D. Yes, justice is sometimes hard, but we should see the necessity when there is no other solution
1. We need to keep in mind that these destructions were relatively rare
E. Some Pharisees tried to test Jesus on the topic of divorcing - Matthew 19:3
1. Apparently the rules for ending a marriage were fairly relaxed under Jewish law
2. Jesus pointed out that their focus was wrong. They were focused on ending marriages instead of making them last as God intended - Matthew 19:4-6
3. But when pressed, Jesus stated that unless a marriage ended on the basis of fornication, then marrying again was to live in the state of adultery - Matthew 19:9
4. The disciples were stun by the strictness expressed - Matthew 19:10
5. Jesus pointed out that not everyone will receive this message - Matthew 19:11
6. Married life is demanding and if a person cannot accept the restrictions then he is to remain celibate, which the word “eunuch” symbolizes - Matthew 19:12
7. Why can’t men and women drift in and out of multiple marriages as they desire?
a. Marriage is an intimate relationship. In marriage a person can be emotionally vulnerable. When unions are treated casually, it causes emotional trauma.
b. Children need to grow up in a stable family. A strict marriage code protects the little ones.
c. The family is the foundation of society. More crime occurs in areas of higher broken families. A stable family, stabilizes society and allows the gospel to be spread with less hindrances.

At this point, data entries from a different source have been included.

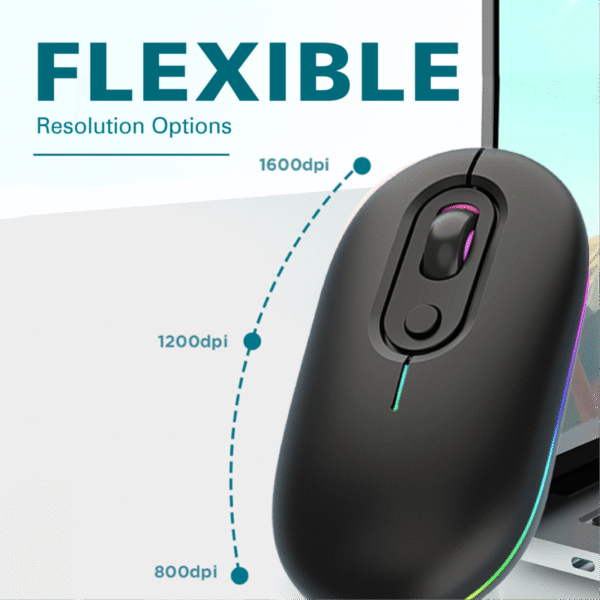 Black dual mode Bluetooth and 2.4G wireless mouse WM03 - flexible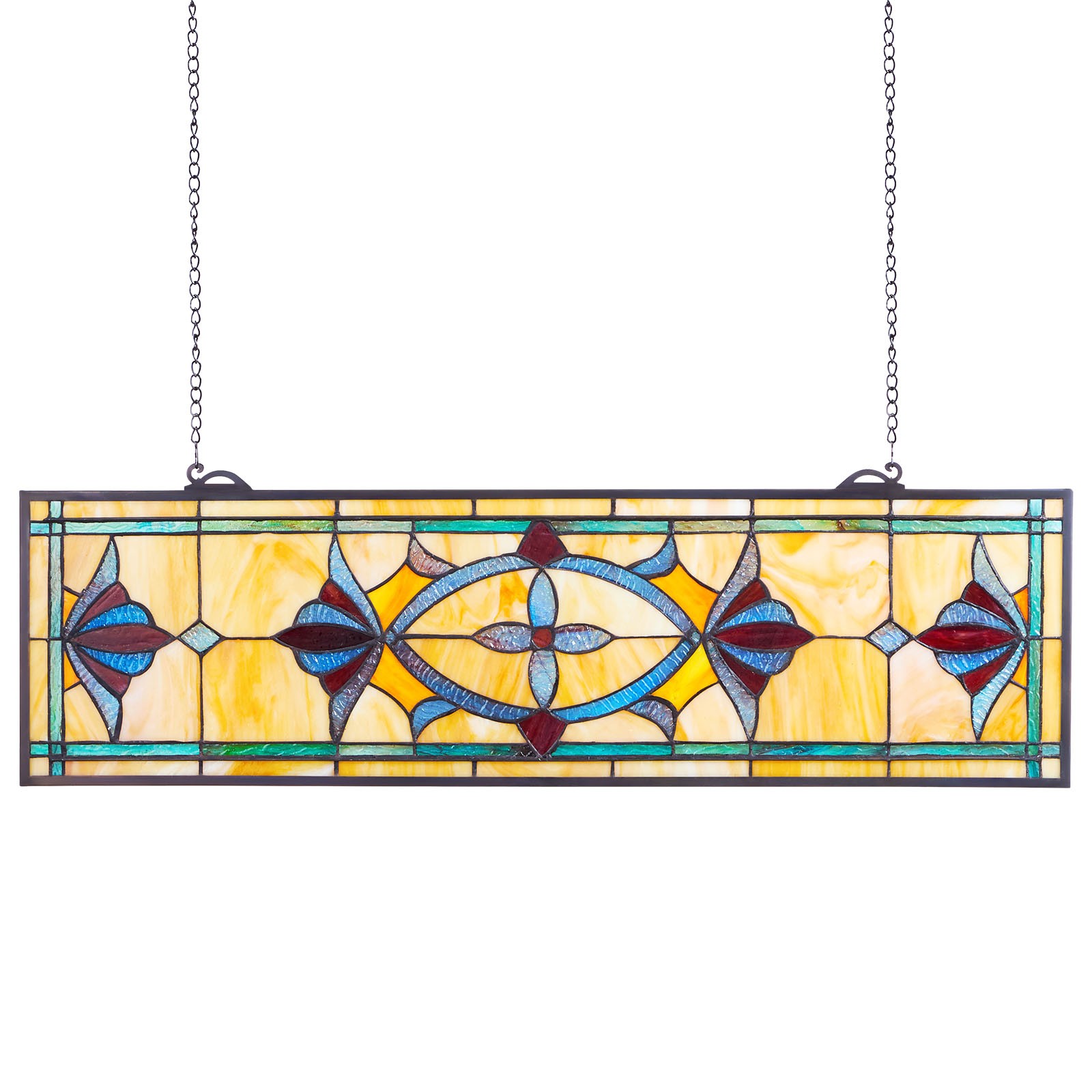 VEVOR Stained Glass Tiffany Style Hanging Window Panel with Chain 32×10 Inches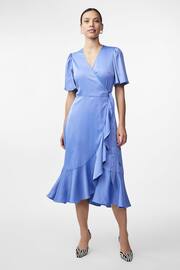 Y.A.S Blue Satin Wrap Ruffle Dress - Image 1 of 4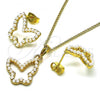 Oro Laminado Earring and Pendant Adult Set, Gold Filled Style Butterfly Design, with Ivory Pearl, Polished, Golden Finish, 10.379.0061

8. It isn’t hard, after reflection, to realize that “hard” marriage regulation makes sense
F. Few will be saved - Matthew 7:13-14
1. Many will want to enter, but won’t be able to do so - Luke 13:24
a. That means there are going to be people I know who won’t make it to heaven!

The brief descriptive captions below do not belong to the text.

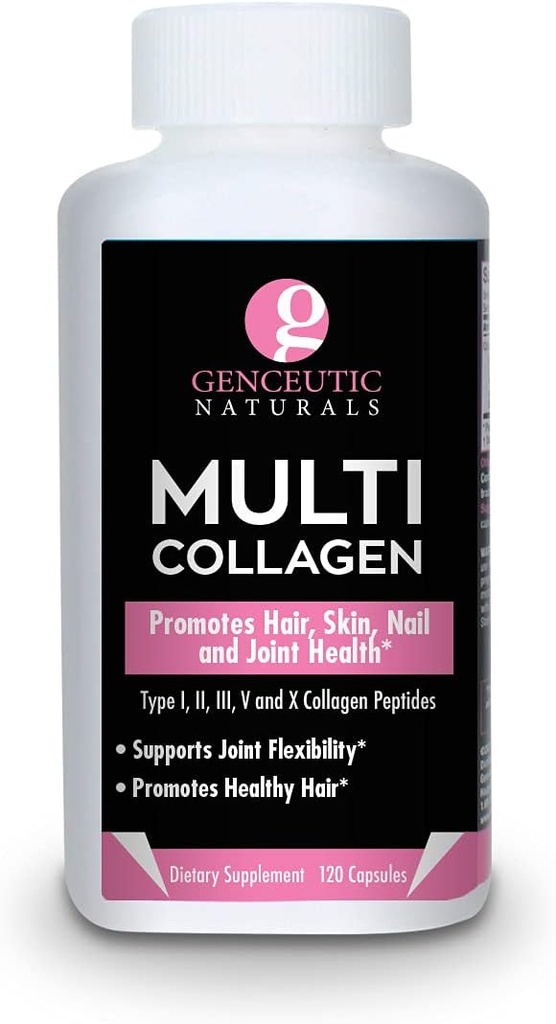 Genceutic Naturals Multi Collagen kapsler Typer I, II, III, V & X - 120 Veg Caps - for sundt hår hud, Nails 1500mg Non- GMO, Pastor- Raised, bur fri og grusom fri kilde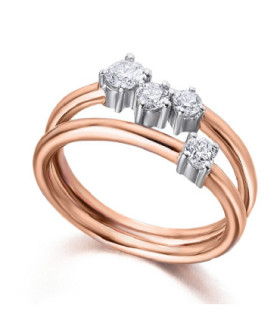 White and rose gold ring with Diamonds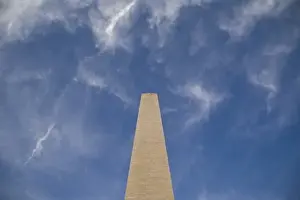 Honor Prints: USA, Washington, D. C. A minimal view of the Washington Monument with interesting clouds above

2. The entire human race has sinned - Romans 3:23
a. We are all under condemnation - Romans 3:19
3. It is only by God’s grace that we are saved - Ephesians 2:1-9
a. Though we did not deserve it, Christ died to give everyone the chance to be saved - I Timothy 2:3-6
(1) Only those willing are saved - John 5:39-40
(2) But the way is available - Revelation 22:17
b. Thus, the truth is that most don’t want fellowship with God
(1) The Jews rejection of Christ - Luke 19:14
(2) Even followers of Christ left - John 6:66
(3) God doesn’t force His grace on people
4. While the number, compared to all of mankind is few, the number who will be saved is quite large - Isaiah 2:2-3; Revelation 7:9
5. There are millions of souls across the centuries and around the world who have responded to God’s invitation that we have no personal knowledge of. But God does know - II Timothy 2:19
6. Some may claim that people don’t universally have access to the Gospel; yet, such a claim is hard to prove.
a. Those who hunger for righteous will be satisfied - Matthew 5:6
b. God has, through His providence, brought the gospel to people
7. It is not God who prevents people from being saved. It is merely an acknowledgment that few want salvation.
V. Are you going to be one that lets the difficult parts of the Bible prevent you from responding?